Civility in our profession is waning, especially in the litigation arena. Lawyers routinely sling insults at each other, and even at judges. Yelling occurs in depositions and courtrooms. Requests for extensions are improperly withheld to gain tactical advantage. Email, while a convenient communication tool, has led many of us to write things that could have been said with more tact. See https://www.nytimes.com/2007/02/20/health/psychology/20essa.html (attributing lack of “cyber restraint” to the “online disinhibition effect”).
What is causing the decline in decorum? Is it a lack of education on the subject of civility in law school? Is it a misunderstanding of the concept of zealous advocacy? Is it the increase in the number of lawyers? Is it because the litigation stakes are becoming higher? Are clients requesting aggressive and uncivil behavior? Is it technology? Many lawyers believe it is because we are spending less time interacting face-to-face with opposing counsel, and even with judges. Without question, most communications with opposing counsel are now via email and, in some cases, even via text.
The line between zealous advocacy and behavior that is inappropriate and beneath the practice can be a fine one. This is not a new concern. Certainly many courts and bar associations have implemented aspirational civility guidelines.
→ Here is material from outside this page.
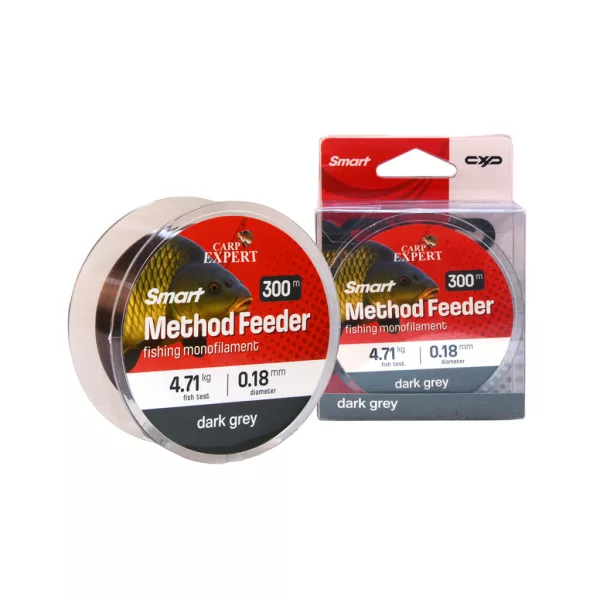 Carp Expert Smart Method Feeder Dark Grey 0.18mm Monofilament Mainline 300m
State bars and the American Bar Association have also sought to address the decline in civility. For example, in California, effective May 27, 2014, new lawyers now take an additional oath upon admission promising to “strive to conduct myself at all times with dignity, courtesy and integrity.” See California Rule of Court, Rule 9.4. In other words, once given the privilege to serve as lawyers, we are expected to adhere to the professional standards that are essential to the preservation of order and justice.
What does appear to have changed is the willingness of courts and state disciplinary bodies to punish and deter uncivil behavior. Revocation of pro hac vice status, monetary and contempt sanctions, reductions in fee awards, and ultimately disbarment proceedings are all possibilities and the subject of recent press reports. Further, courts are looking at this problem through a creative lens. In March 2018, an Illinois lawyer was not only fined $50,000 but also ordered to undergo anger-management training and participate in an ethics course based on findings of repeated unprofessional, contemptuous, and antagonistic behavior. Twyman v. S&M Auto Brokers (N.D. Ill. Mar. 28, 2018), 2018 WL 1519159. Judge Virginia M. Kendall also referred the lawyer to the district court’s executive committee for consideration of suspension or disbarment. In her order, Judge Kendall offered important reminders to us all.
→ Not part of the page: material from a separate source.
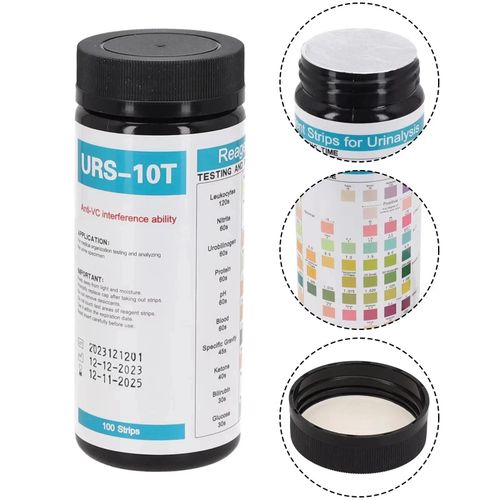 100 Strips Urine Test Strip 10 Parameters Urinalysis Dip-Stick PH Test Strips uk — image 6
A district court has inherent power to sanction a party who “has willfully abused the judicial process or otherwise conducted litigation in bad faith.” Secrease v. W. & S. Life Ins. Co., 800 F.3d 397, 401 (7th Cir. 2015) (quoting Salmeron v. Enterprise Recovery Systems, Inc., 579 F.3d 787, 793 (7th Cir. 2009)). These sanctions are appropriate where a party or their counsel has practiced fraud upon the Court, acts in “bad faith by delaying or disrupting the litigation,” hampers enforcement of a court order, or when a party is responsible for defiling “the very temple of justice.” Chambers v. NASCO, Inc., 501 U.S. 32, 46 (1991) (quotations omitted). This power is “permissibly exercised not merely to remedy prejudice to a party, but also to reprimand the offender and to deter future parties from trampling upon the integrity of the court.” Flextronics Int'l, USA, Inc. v. Sparkling Drink Sys. Innovation Ctr. Ltd., 230 F. Supp. 3d 896, 906–07 (N.D. Ill. 2017) (quoting Salmeron, 579 F.3d at 797).
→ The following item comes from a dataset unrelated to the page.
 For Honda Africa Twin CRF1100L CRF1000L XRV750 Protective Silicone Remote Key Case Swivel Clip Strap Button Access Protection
See, Twyman, 2018 WL 1519159, *5.
I don’t recall any fines in kindergarten, but I know my teacher worked tirelessly to teach us to play by the rules. Hopefully, we can reduce the need for corrective action across the legal profession through some self-study, exemplary effort, mentoring, and mutual encouragement.
- Talk to your clients about their specific expectations regarding civility. This becomes especially important when opposing counsel is cantankerous and difficult. Such a discussion is mission-critical prior to trial.
- Don’t respond in kind when you receive an email missive from opposing counsel. Stick to the law and the facts in your response. Better yet, pick up the phone and see if you can talk things out.
- If opposing counsel is uncivil and unprofessional, document the behavior. Also, have a colleague join phone calls or meetings so there is a witness. The behavior, however, may cease if a second lawyer is present.
- When discovery meet-and-confer efforts are proving futile, meet in person before filing a motion to compel. Most courts will appreciate the attempt to work things out face-to- face; some even require it.
- If you expect opposing counsel to bully counsel and witnesses during depositions, videotape the depositions. <
Siobhan A. Cullen is counsel at King & Spalding in Los Angeles, California.